If the title sounds familiar, it’s likely because you recall learning about the Time Value
of Money. This financial term is used to help investors understand that a sum of money
available today is worth more than that same amount of money in the future.

The Money Value of Time (MVT) is a phrase coined by Experience Economy authors Pine and
Gilmore and is immensely helpful in quantifying the value that consumers place on experiences.
Because experiences are about time well spent, it makes sense to put a monetary value on that
time by boiling it down to the cost per minute.

Calculating the Money Value of Time

Calculating MVT is straightforward: a two-hour movie costs about 10 cents per minute
($12/120 minutes). Meeting up with a friend at Starbucks will run you 5-10 cents per minute.
Pricier (i.e. more valuable) experiences include playing a round of golf at Pebble Beach
($2/minute), seeing the Broadway hit Hamilton ($5/minute), and skydiving ($200/minute).

The power behind the MVT concept is two-fold. First, you can quickly appreciate the different
ways that people pay more for unique, personal, and meaningful experiences than they do for
services. There are cheaper cups of coffee, golf courses, and musicals that are readily
available. Less expensive offerings are cheaper in part because their core features and benefits
are less memorable and thus less distinguishable. The less distinguishable they are, the more
they seem like commodities (or, to be more accurate, commoditized services), where the price is
the only differentiator.

Second, every medical practice that performs elective procedures can calculate the MVT for
their offering and begin to understand how that quantifiable value compares to other
discretionary spending opportunities for consumers.

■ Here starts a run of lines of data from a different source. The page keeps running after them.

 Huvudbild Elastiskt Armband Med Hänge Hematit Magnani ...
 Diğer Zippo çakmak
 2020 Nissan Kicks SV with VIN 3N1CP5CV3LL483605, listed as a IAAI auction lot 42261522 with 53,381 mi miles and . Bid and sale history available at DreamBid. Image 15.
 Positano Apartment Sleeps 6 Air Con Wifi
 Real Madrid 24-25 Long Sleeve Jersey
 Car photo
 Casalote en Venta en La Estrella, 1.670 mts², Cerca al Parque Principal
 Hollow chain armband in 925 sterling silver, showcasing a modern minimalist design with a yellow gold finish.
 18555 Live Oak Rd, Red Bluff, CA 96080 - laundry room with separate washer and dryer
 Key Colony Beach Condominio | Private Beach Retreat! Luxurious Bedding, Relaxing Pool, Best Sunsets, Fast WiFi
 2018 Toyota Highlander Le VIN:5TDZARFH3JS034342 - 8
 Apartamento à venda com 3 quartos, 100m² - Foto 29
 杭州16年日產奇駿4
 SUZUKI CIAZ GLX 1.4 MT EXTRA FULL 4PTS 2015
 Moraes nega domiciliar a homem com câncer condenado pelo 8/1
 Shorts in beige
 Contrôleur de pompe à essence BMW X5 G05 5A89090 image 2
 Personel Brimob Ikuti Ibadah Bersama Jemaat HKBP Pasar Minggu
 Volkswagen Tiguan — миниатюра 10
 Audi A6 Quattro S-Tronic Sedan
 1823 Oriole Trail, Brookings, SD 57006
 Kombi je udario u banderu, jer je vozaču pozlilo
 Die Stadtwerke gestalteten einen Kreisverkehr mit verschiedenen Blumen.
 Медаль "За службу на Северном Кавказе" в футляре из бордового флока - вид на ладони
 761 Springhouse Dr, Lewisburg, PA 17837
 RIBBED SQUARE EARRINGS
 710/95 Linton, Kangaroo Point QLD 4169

If you charge $600 for a 15-minute
appointment to get a dermal filler, then you might conclude your MVT is $40/minute. But
here’s the twist. That patient gets to enjoy the benefits for the next 3-4 months, at least during
their waking hours. That time spent with the experience lasts far longer than the medical visit.
From that perspective, the MVT is now less than a penny a minute.

Similar conclusions can be made about LASIK, breast augmentation, or other one-time surgical
procedures whose benefit extends over years and even decades. These procedures essentially
offer an infinite ROI when it comes to the value provided to the patient over time.

Final Thoughts

MVT gives you a new way to view the value provided to patients by your elective procedures.
Demonstrating that value through a unique and memorable patient experience will elevate you
above the fray and make you less susceptible to the inevitable forces of commoditization that
affect the perceived value of your services.